The 17 mutual failures point to limitations that persist in both models. Precise placement, fine-grained orientation control, and spatial landmark grounding remain unsolved — failures that appear to stem from limitations in the training data distribution rather than the choice of backbone.

Key Takeaways

  1. Video pretraining transfers richer behavioral priors than image-text pretraining. DreamZero’s success on “look out the window” and “lift the table” — tasks with no manipulation analog in the training distribution — strongly suggests that spatiotemporal priors from Wan2.1-I2V carry over to non-manipulation behaviors in a way that π₀.₅’s VLM backbone does not.

  2. Directional and spatial reasoning favors DreamZero. On Tasks 3 and 4, DreamZero succeeds consistently where π₀.₅ drops objects before reaching the target side. This likely reflects DreamZero’s ability to plan visually toward a predicted future frame rather than inferring direction purely from language.
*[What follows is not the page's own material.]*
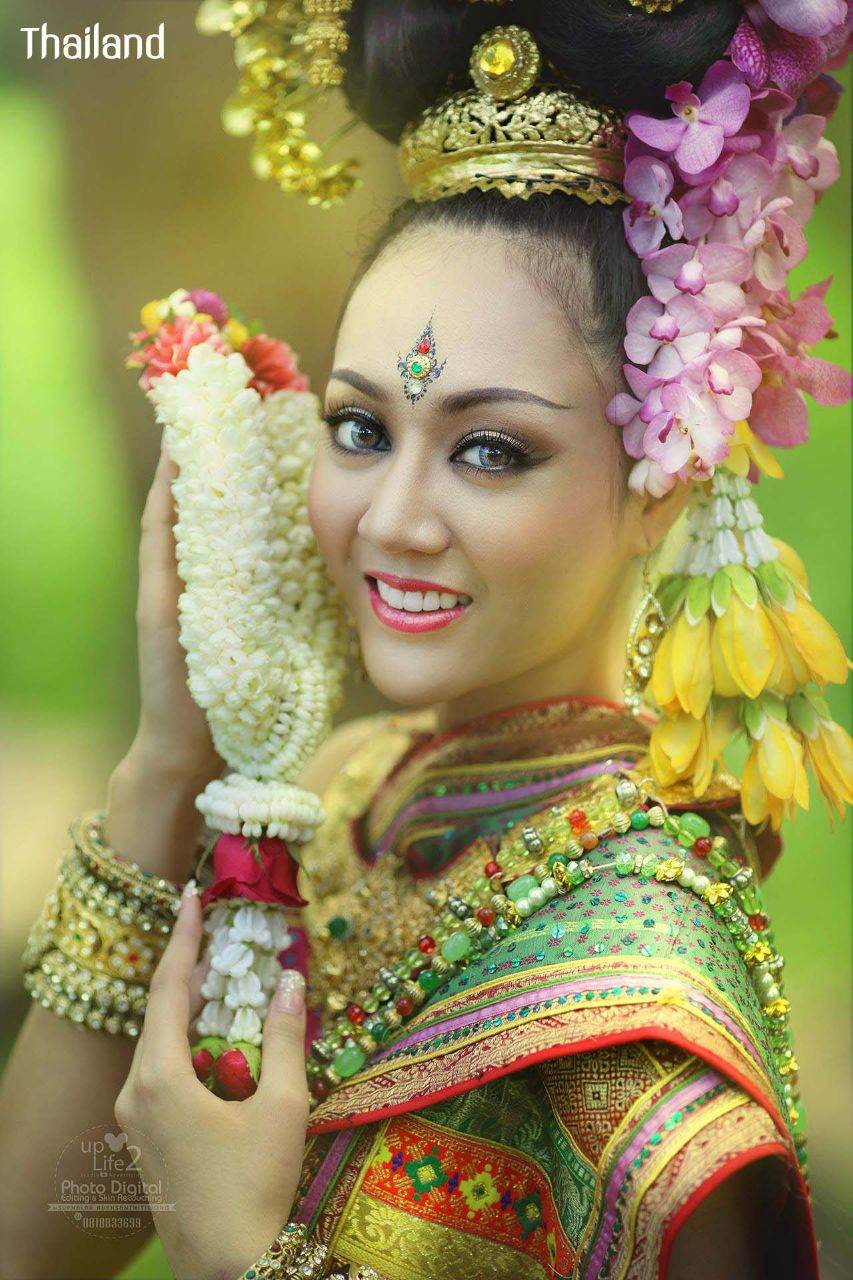 THAILAND 🇹🇭 | Thai Lanna dress in fantasy style.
  3. Fine placement and spatial landmark grounding remain open problems for both models. Task 2 (bowl on Rubik’s Cube) and Task 8 (cube at the corner nearest the sofa) expose failure modes shared across both architectures, suggesting these reflect data distribution gaps rather than backbone-specific limitations.

  4. Adversarial and out-of-distribution instructions reveal meaningful architectural differences. π₀.₅ reverts to dominant training behaviors regardless of instruction; DreamZero attempts instruction-consistent actions even when they are physically impossible. This behavioral distinction matters for deployment robustness.

  5. Deployment requirements differ substantially between the two models. π₀.₅ runs at 50 Hz on a consumer RTX 4090, while DreamZero requires GB200 hardware to reach 7 Hz. The WAM paradigm’s generalization advantages come with meaningfully higher compute requirements that are worth considering.